Certains Républicains sont allés jusqu’à suggérer que le traitement de l’affaire Benghazi par le gouvernement pourrait devenir un motif de destitution du président démocrate. Il y a une impression générale qu’Obama, qui est aussi mêlé à des controverses concernant l’espionnage par l’Etat des médias et le harcèlement par le fisc (Internal Revenue Service, IRS) de groupes politiquement opposés au gouvernement, a de gros ennuis du fait d’une politique anti-démocratique et militariste pratiquée à l’insu du peuple américain.
Comme d’habitude, la présentation de ces développements par les médias américains est malhonnête et délibérément trompeuse.
Les médias ont en grande partie réduit l’affaire à un changement mineur de la politique électorale, à savoir, si la Maison Blanche, cherchant à parer une attaque des Républicains à la veille des élections de 2012, était pour quelque chose dans la modification des « points de discussions » préparés pour l’ambassadrice américaine d’alors à l’ONU, Susan Rice, qui avait fourni la première explication publique de l’attaque mortelle à Benghazi.

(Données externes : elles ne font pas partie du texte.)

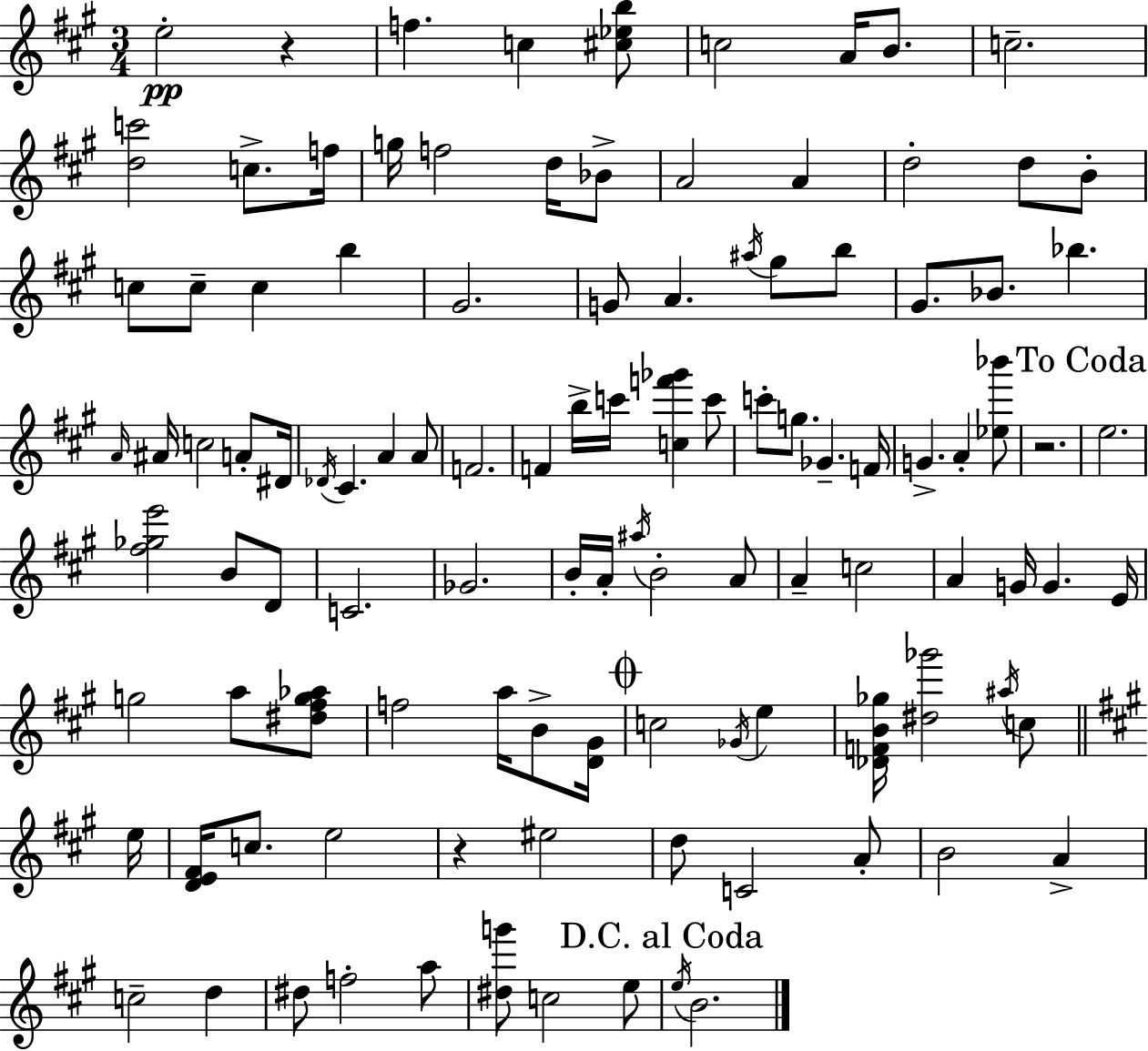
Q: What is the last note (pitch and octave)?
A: B4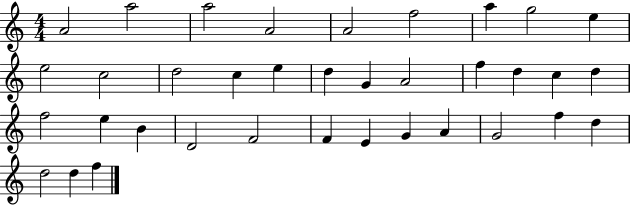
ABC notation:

X:1
T:Untitled
M:4/4
L:1/4
K:C
A2 a2 a2 A2 A2 f2 a g2 e e2 c2 d2 c e d G A2 f d c d f2 e B D2 F2 F E G A G2 f d d2 d f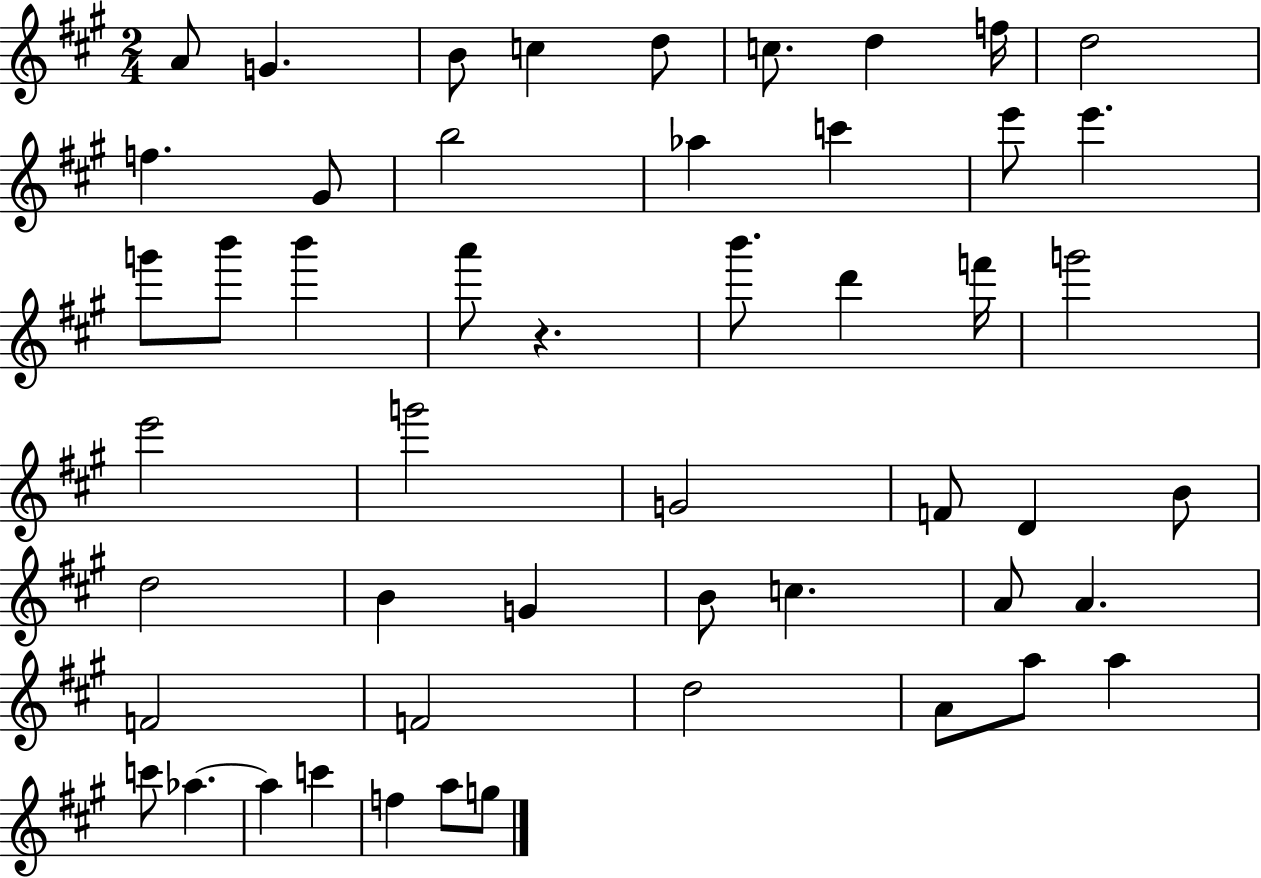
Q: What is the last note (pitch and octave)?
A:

Cette thèse, qui a été avancée par les Républicains, suggère que la Maison Blanche était déterminée à empêcher que la vérité concernant Benghazi n’interfère avec le projet d’Obama d’être candidat sur la base des supposés succès de la « guerre contre le terrorisme », et plus particulièrement l’assassinat d’Oussama ben Laden. Ainsi, le gouvernement a faussement représenté l’assaut à Benghazi comme étant une manifestation anti-américaine spontanée de Libyens indignés par une vidéo antimusulmane produite aux Etats-Unis et diffusée sur internet.
Une centaine de pages de courriels publiées par la Maison Blanche mercredi pour tenter d’étouffer la controverse montrent que la CIA, le Département d’Etat, le Pentagone, le FBI, le Conseil national de sécurité et la Maison Blanche sont tous intervenus pour modifier le script de Rice, et que le Département a exercé la plus forte pression pour enlever des références à al Qaïda et aux milices islamistes libyennes qui figuraient dans le premier projet.
Ces inquiétudes suggèrent que l’enjeu dépasse de loin le simple fait de priver les Républicains d’une occasion de ternir le bilan d’Obama ou bien que la controverse actuelle est simplement le résultat d’une stratégie républicaine de torpiller la candidature anticipée d’Hillary Clinton à la présidence démocrate en 2016.
La principale motivation pour dissimuler l’identité de ceux qui ont assiégé les installations américaines à Benghazi a ses origines dans les relations complexes que Washington a nouées avec les éléments qui ont exécuté cet attaque. Ni la Maison Blanche démocrate, ni la direction républicaine du Congrès n’a un quelconque intérêt à sonder cette question.
Depuis plus d’une décennie déjà, Washington, tant sous Bush que sous Obama, a cherché à justifier ses interventions militaires à l’étranger et ses attaques contre les droits démocratiques sur le plan national, au nom d’une guerre mondiale sans fin contre le terrorisme, et tout précisément une soi-disant lutte pour éradiquer al Qaïda.
La réalité est toutefois que les Etats-Unis et leurs agences de renseignement entretiennent depuis longtemps avec ces forces une relation bien plus complexe que ne veut l’admettre quiconque dans le gouvernement américain.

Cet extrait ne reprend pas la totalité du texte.